With traditional software monitoring, the IT service management needs to track metrics related to CPU, network and memory usage. With data science, CIOs need to capture metrics related to accuracy of model results. “Software for [data science] production models needs to look at the output they are getting from those models, and if drift has occurred, that should raise an alarm to retrain it,” Elprin said.
Fashion-forward data science
At Stitch Fix, a personal shopping service, the company’s data science pipeline allows it to sell clothes online at full price. Using data science in various ways allows them to find new ways to add value against deep discount giants like Amazon, said Eric Colson, chief algorithms officer at Stitch Fix.
This kind of digital innovation, however, was only possible he said because the company created an efficient data science pipeline. He added that it was also critical that the data science team is considered a top-level department at Stitch Fix and reports directly to the CEO.
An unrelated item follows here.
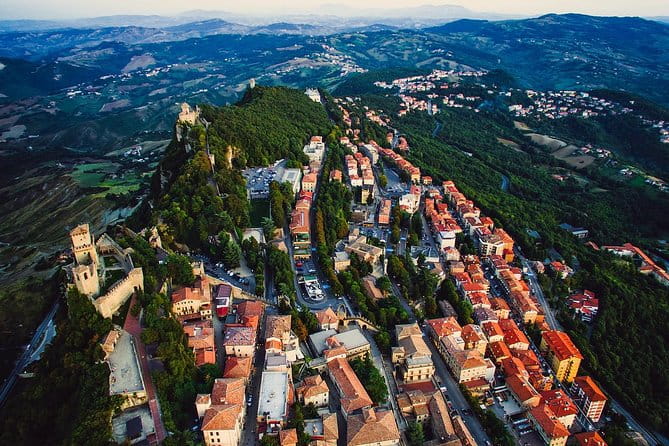 San Marino - Private Historic Walking Tour - The Iconic Views and Landmarks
Specialists or generalists?
One important consideration for CIOs in constructing the data science development pipeline is whether to recruit data science specialists or generalists. Specialists are good at optimizing one step in a complex data science pipeline. Generalists can execute all the different tasks in a data science pipeline. In the early stages of a data science initiative, generalists can adapt to changes in the workflow more easily, Colson said.
Some of these different tasks include feature engineering, model training, enhance transform and loading (ETL) data, API integration, and application development. It is tempting to staff each of these tasks with specialists to improve individual performance. “This may be true of assembly lines, but with data science, you don’t know what you are building, and you need to iterate,” Colson said. The process of iteration requires fluidity, and if the different roles are staffed with different people, there will be longer wait times when a change is made.
In the beginning at least, companies will benefit more from generalists. But after data science processes are established after a few years, specialists may be more efficient.
Align data science with business
Today a lot of data science models are built in silos that are disconnected from normal business operations, Domino’s Elprin said. To make data science effective, it must be integrated into existing business processes. This comes from aligning data science projects with business initiatives. This might involve things like reducing the cost of fraudulent claims or improving customer engagement.
In less effective organizations, management tends to start with the data the company has collected and wonder what a data science team can do with it. In more effective organizations, data science is driven by business objectives.
“Getting to digital transformation requires top down buy-in to say this is important,” Elprin said. “The most successful organizations find ways to get quick wins to get political capital. Instead of twelve-month projects, quick wins will demonstrate value, and get more concrete engagement.”